* Work required *
Drop every picture, then repeat the records exactly.
◇ ◇ ◇ ◇ ◇
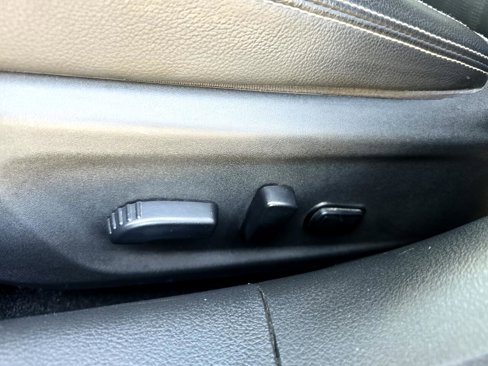 Used 2019 Nissan Altima 2.5 Platinum image 19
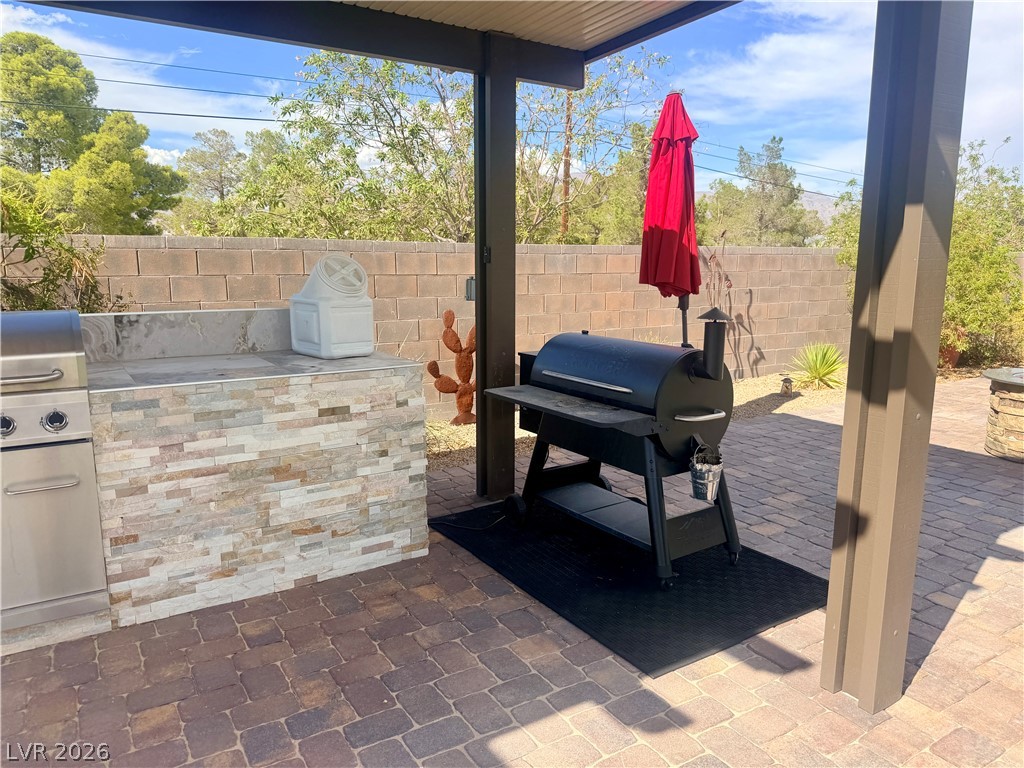 7758 Aztec Sandstone Court Las Vegas NV 89131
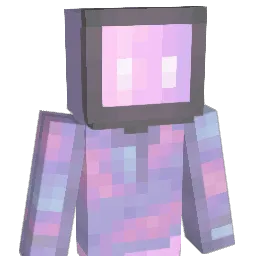 verifysystem Minecraft avatar bust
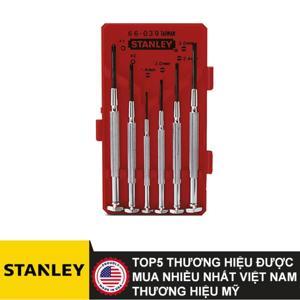 Bộ tua vít kỹ thuật STANLEY STHT66039-8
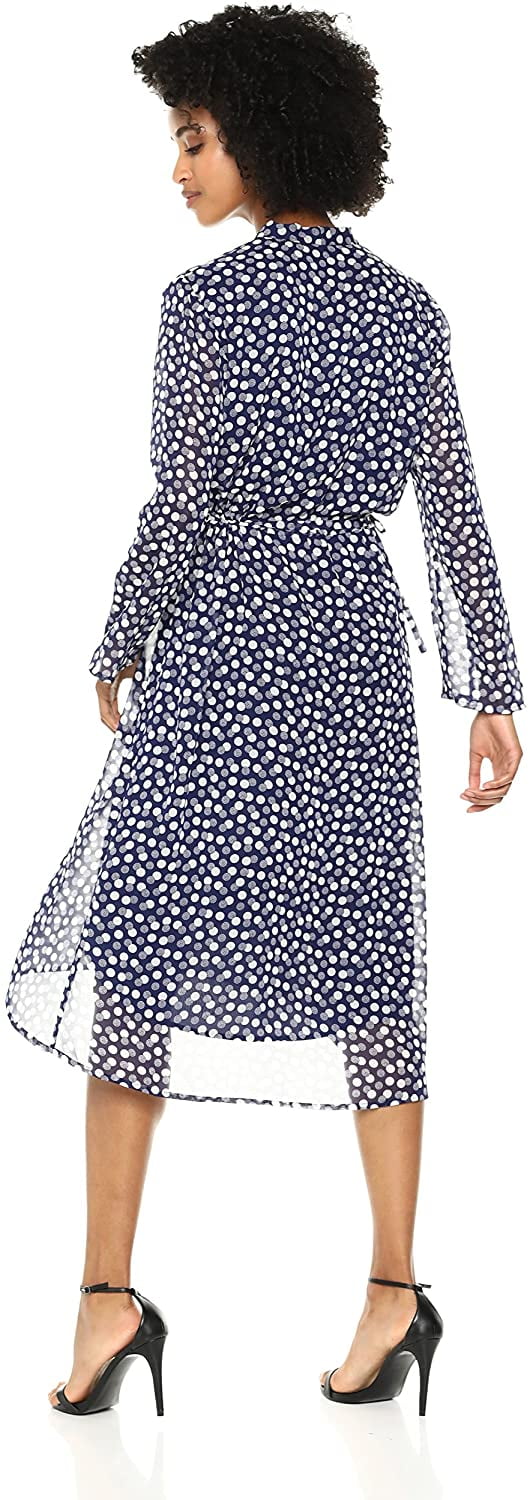 white fit and flare dress canada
◇ ◇ ◇ ◇ ◇
* Expected answer *
 Used 2019 Nissan Altima 2.5 Platinum image 19
 7758 Aztec Sandstone Court Las Vegas NV 89131
 verifysystem Minecraft avatar bust
 Bộ tua vít kỹ thuật STANLEY STHT66039-8
 white fit and flare dress canada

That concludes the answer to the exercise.